THE DATA ::
────
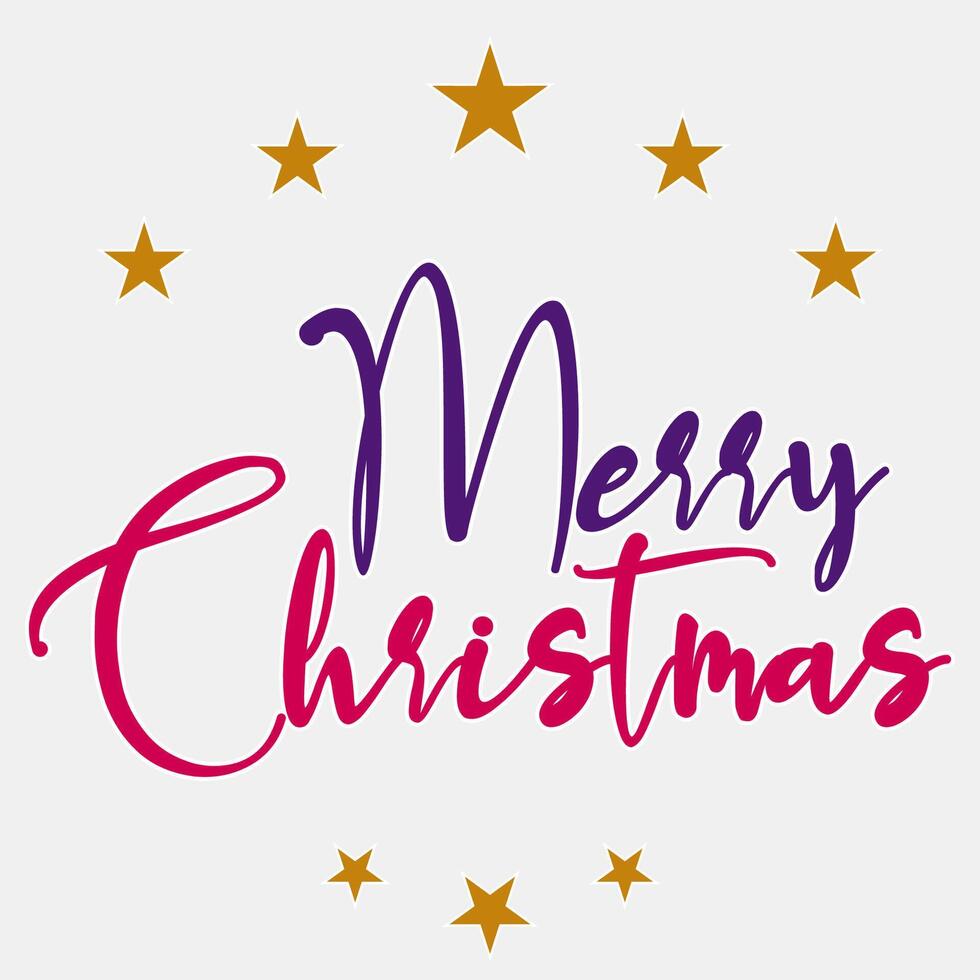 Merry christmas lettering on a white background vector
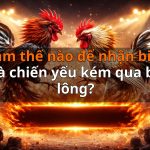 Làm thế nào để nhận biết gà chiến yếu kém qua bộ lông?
────
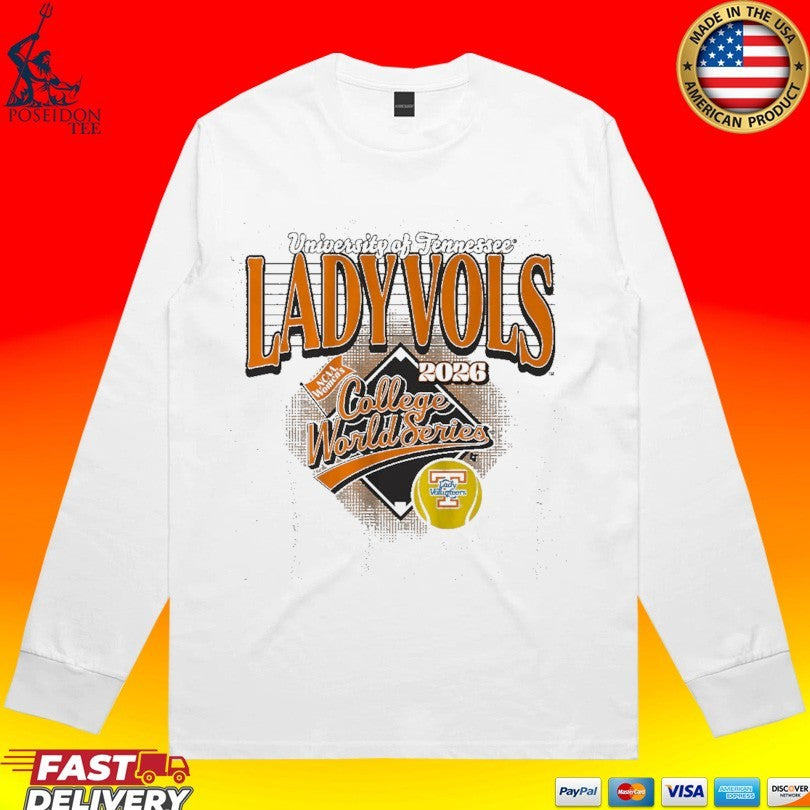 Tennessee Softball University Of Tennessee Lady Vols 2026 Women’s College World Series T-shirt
────
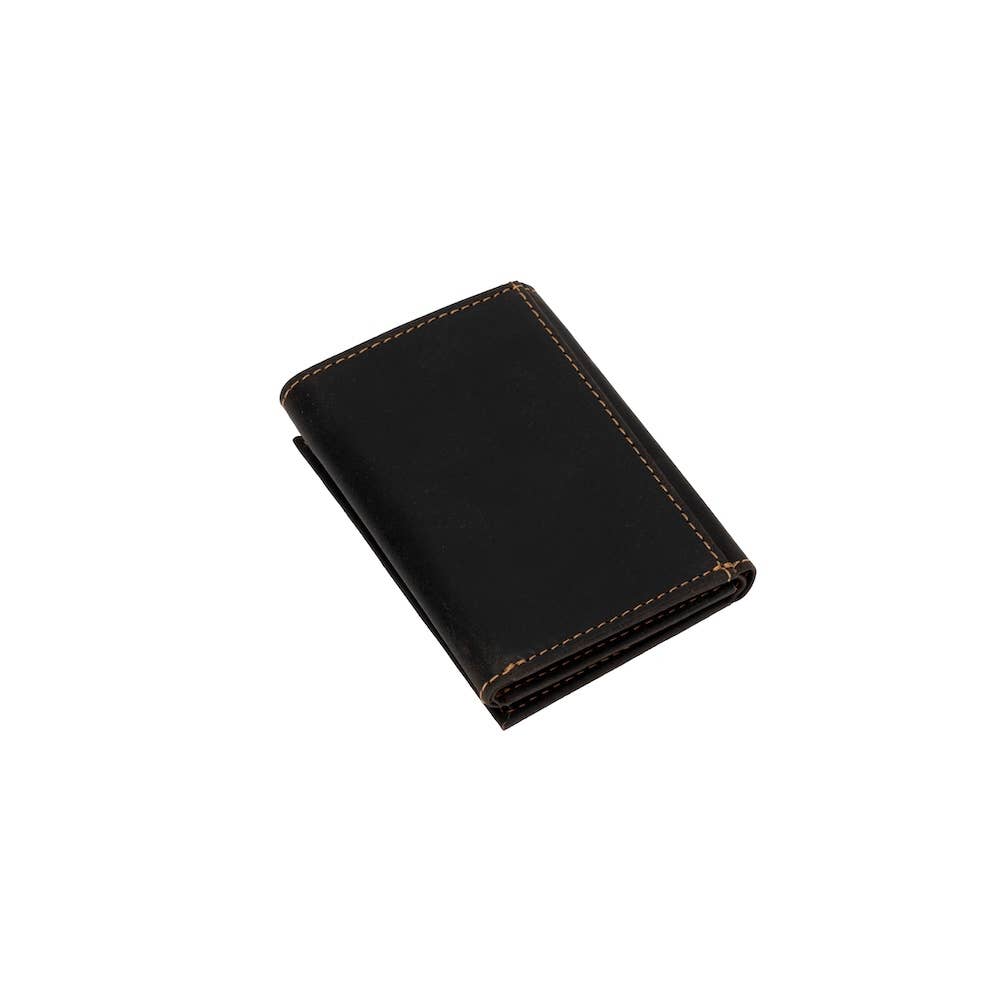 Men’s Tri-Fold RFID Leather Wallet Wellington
────
PROMPT :: Look above for the line with "Merry christmas lettering", then print it and each line after it down to and including the line with "Làm thế nào". Leave out the pictures and keep the wording exact.

SOLUTION TO THIS TASK ::
 Merry christmas lettering on a white background vector
 Làm thế nào để nhận biết gà chiến yếu kém qua bộ lông?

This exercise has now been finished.